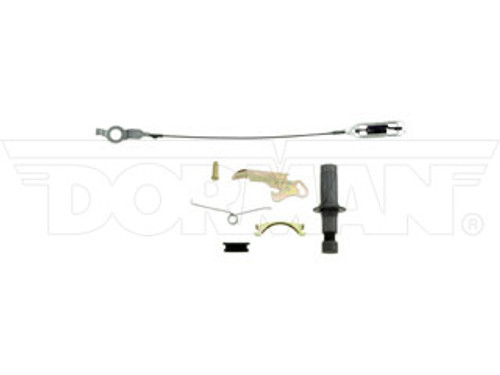 DORMAN HW2599 DRUM BRAKE SELF ADJUSTER REPAIR KIT (REAR RIGHT) 2000-2003 DODGE RAM 2500/3500 (12" BRAKES) | 1986-1993 DODGE D/W 250/350 | 1975-1997 FORD F-250/350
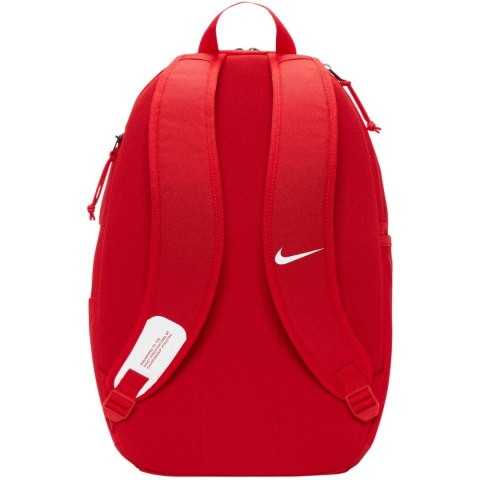 Nike Team Plecak Nike Academy Team 2.3 czerwony DV0761 657 Nike Team Plecak Nike Academy Team 2.3 czerwony DV0761 657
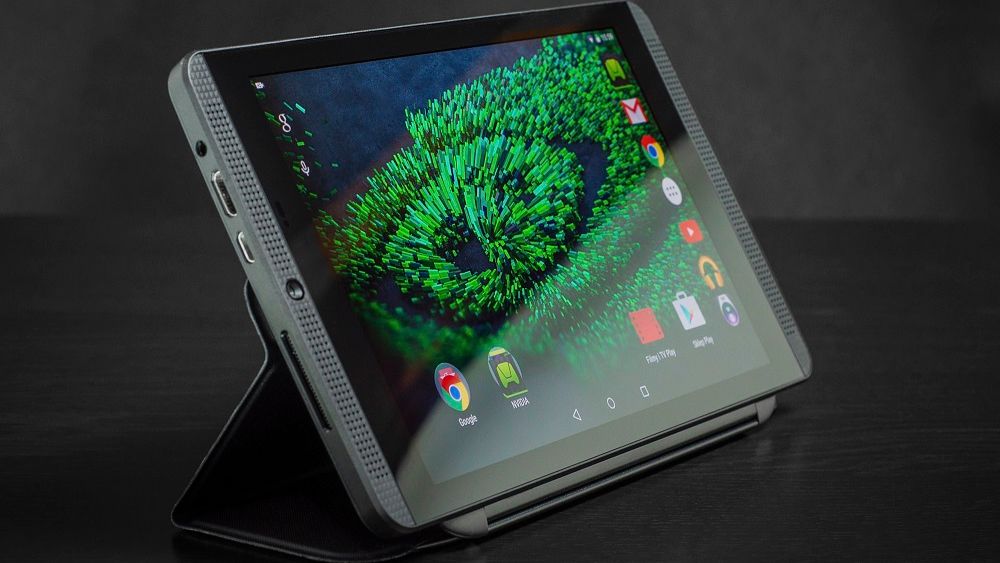 NVIDIA SHIELD K1 – test odświeżonej i tańszej wersji tabletu dla graczy 1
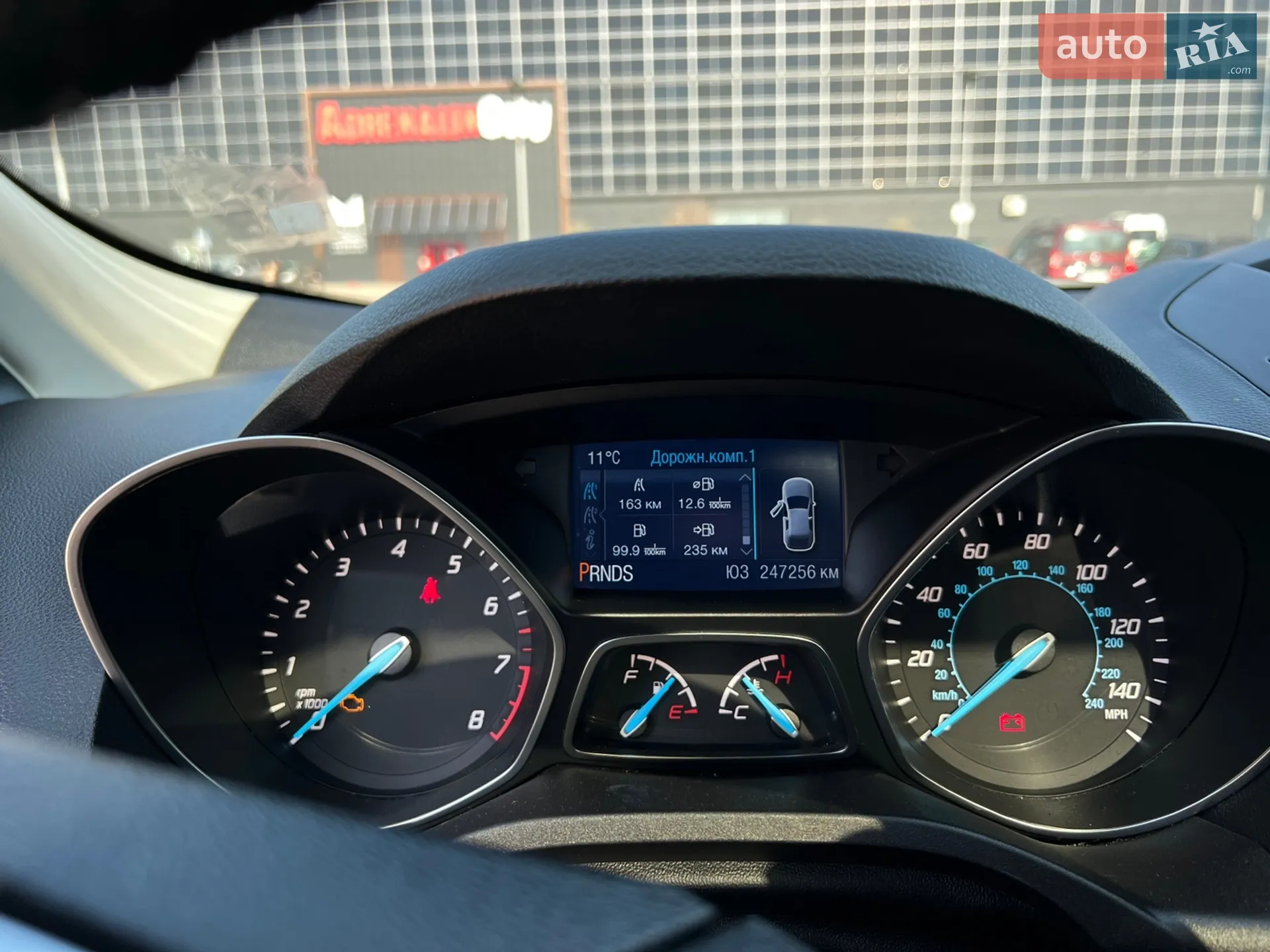 2015 Ford Escape - мініатюра 8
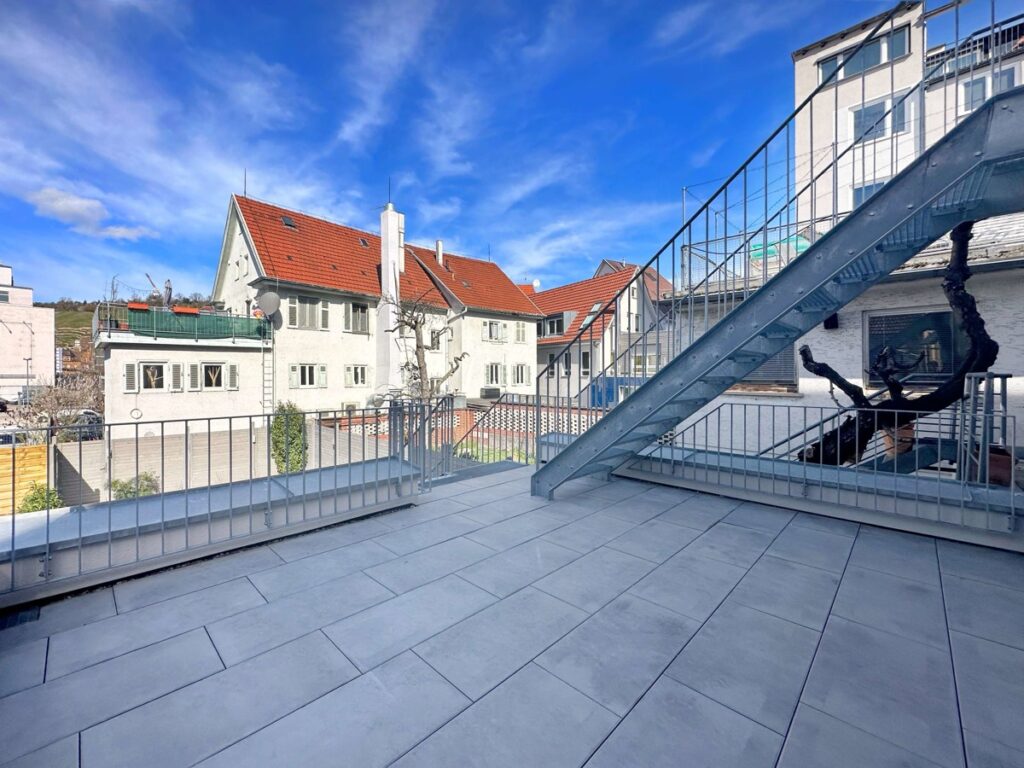 Terrasse OG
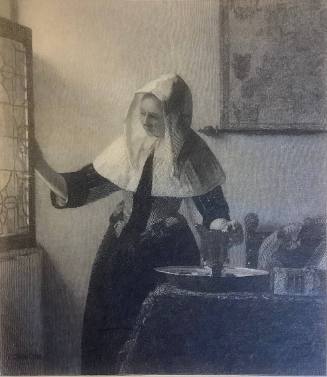 Woman with a Pitcher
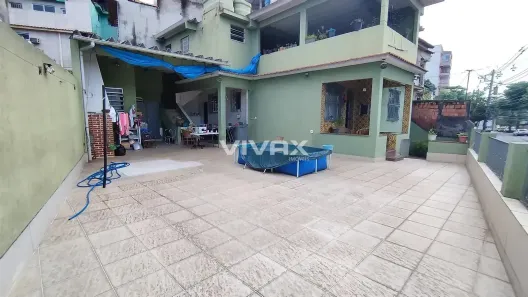 Casa com 3 Quartos à venda, 373m² no Todos os Santos, Rio de Janeiro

What needs to be done -
In the copy, only the lines from the one holding "Woman with a Pitcher" through the end of the listing above should appear, retyped exactly, both ends included, with no pictures.

Result below -
 Woman with a Pitcher
 Casa com 3 Quartos à venda, 373m² no Todos os Santos, Rio de Janeiro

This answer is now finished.